# Pictures from our Marriott OceanWatch stay in Myrtle Beach



## alwysonvac (Jan 6, 2015)

Christmas weekend we got stuck in bumper to bumper traffic in the Carolinas on Interstate 95. Since we didn't get very far in the last two hours, we decided to ditch the idea of getting from NJ to FL in one day. I was lucky to book the last available two bdrm villa at OceanWatch via Marriott.com for my party of 5 (3 adults and two kids). We then called the resort to confirm our arrival before heading over to Myrtle Beach. It took us 75 miles from I-95 to get to the resort. 

We were basically in and out because we wanted to get back on the road the next morning however we really like what we saw (both the resort and lots of nearby entertainment options we passed along the way). 

We had a great one night stay at Marriott's OceanWatch Villas at Grande Dunes in Myrtle Beach. We're looking forward to visiting this resort again.
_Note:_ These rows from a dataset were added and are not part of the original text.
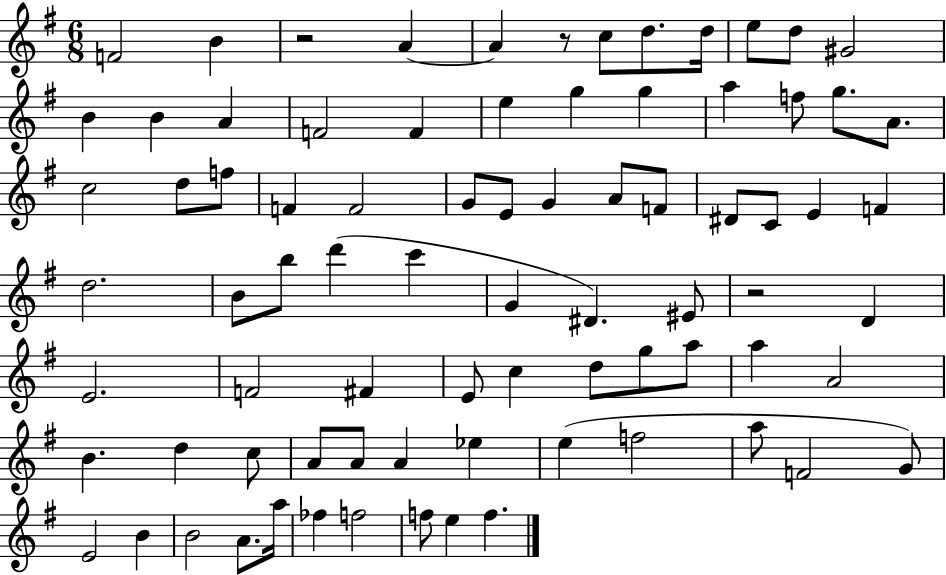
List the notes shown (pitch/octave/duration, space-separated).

F4/h B4/q R/h A4/q A4/q R/e C5/e D5/e. D5/s E5/e D5/e G#4/h B4/q B4/q A4/q F4/h F4/q E5/q G5/q G5/q A5/q F5/e G5/e. A4/e. C5/h D5/e F5/e F4/q F4/h G4/e E4/e G4/q A4/e F4/e D#4/e C4/e E4/q F4/q D5/h. B4/e B5/e D6/q C6/q G4/q D#4/q. EIS4/e R/h D4/q E4/h. F4/h F#4/q E4/e C5/q D5/e G5/e A5/e A5/q A4/h B4/q. D5/q C5/e A4/e A4/e A4/q Eb5/q E5/q F5/h A5/e F4/h G4/e E4/h B4/q B4/h A4/e. A5/s FES5/q F5/h F5/e E5/q F5/q. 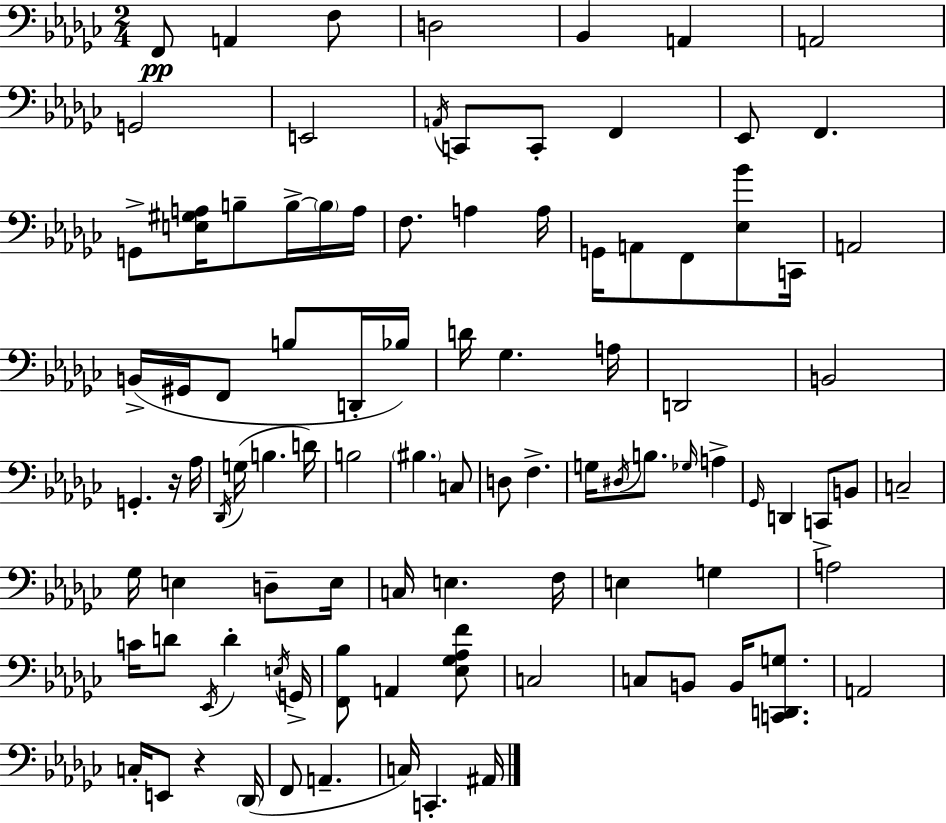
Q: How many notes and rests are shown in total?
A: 97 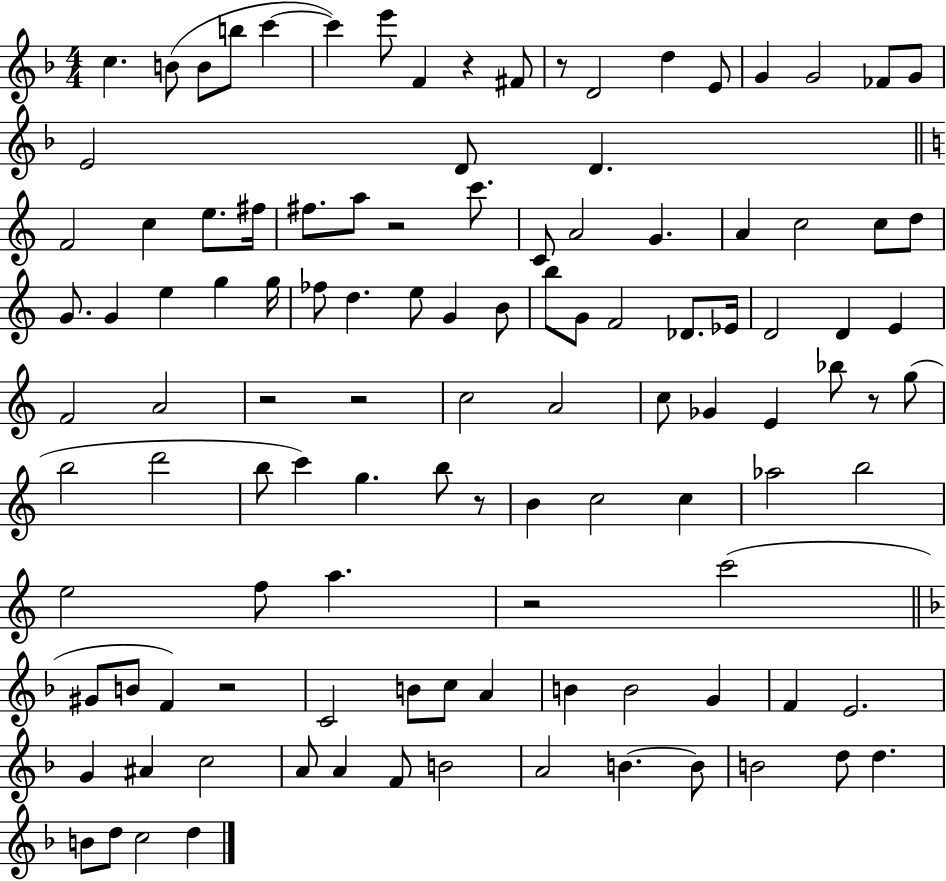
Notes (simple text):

C5/q. B4/e B4/e B5/e C6/q C6/q E6/e F4/q R/q F#4/e R/e D4/h D5/q E4/e G4/q G4/h FES4/e G4/e E4/h D4/e D4/q. F4/h C5/q E5/e. F#5/s F#5/e. A5/e R/h C6/e. C4/e A4/h G4/q. A4/q C5/h C5/e D5/e G4/e. G4/q E5/q G5/q G5/s FES5/e D5/q. E5/e G4/q B4/e B5/e G4/e F4/h Db4/e. Eb4/s D4/h D4/q E4/q F4/h A4/h R/h R/h C5/h A4/h C5/e Gb4/q E4/q Bb5/e R/e G5/e B5/h D6/h B5/e C6/q G5/q. B5/e R/e B4/q C5/h C5/q Ab5/h B5/h E5/h F5/e A5/q. R/h C6/h G#4/e B4/e F4/q R/h C4/h B4/e C5/e A4/q B4/q B4/h G4/q F4/q E4/h. G4/q A#4/q C5/h A4/e A4/q F4/e B4/h A4/h B4/q. B4/e B4/h D5/e D5/q. B4/e D5/e C5/h D5/q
Here are some of the highlights. The rest of my photos can be found here - https://www.flickr.com/photos/40089311@N05/sets/72157650149787582/show/

Enjoy !!


----------



## Bucky (Jan 7, 2015)

Wow, you must have gotten into one of the first recently renovated rooms!


----------



## suenmike32 (Jan 7, 2015)

We are owners at OW and couldn't agree more with you that it is a lovely spot.
You did however land in an ocean front unit with a beautiful view of the pools and ocean. That doesn't happen every day unless the resort is very quiet or whether you paid full rack pricing.
In any event, I'm glad that you enjoyed it. I hope you had a chance to explore the buildings to the rear, where the fitness center, indoor pool and other outdoor pools were as well. OW has something for everyone.
Mike


----------



## pedro47 (Jan 7, 2015)

The OP was in one of the new remodel villas over looking the ocean and pool area. Awesome views of the resort and ocean.


----------



## jont (Jan 7, 2015)

Great pictures! thanks for the update.


----------



## WinniWoman (Jan 7, 2015)

WOW! Why can't all the resorts be like this?!


----------



## TUGBrian (Jan 7, 2015)

want to upload those photos to the review page...they are wonderful!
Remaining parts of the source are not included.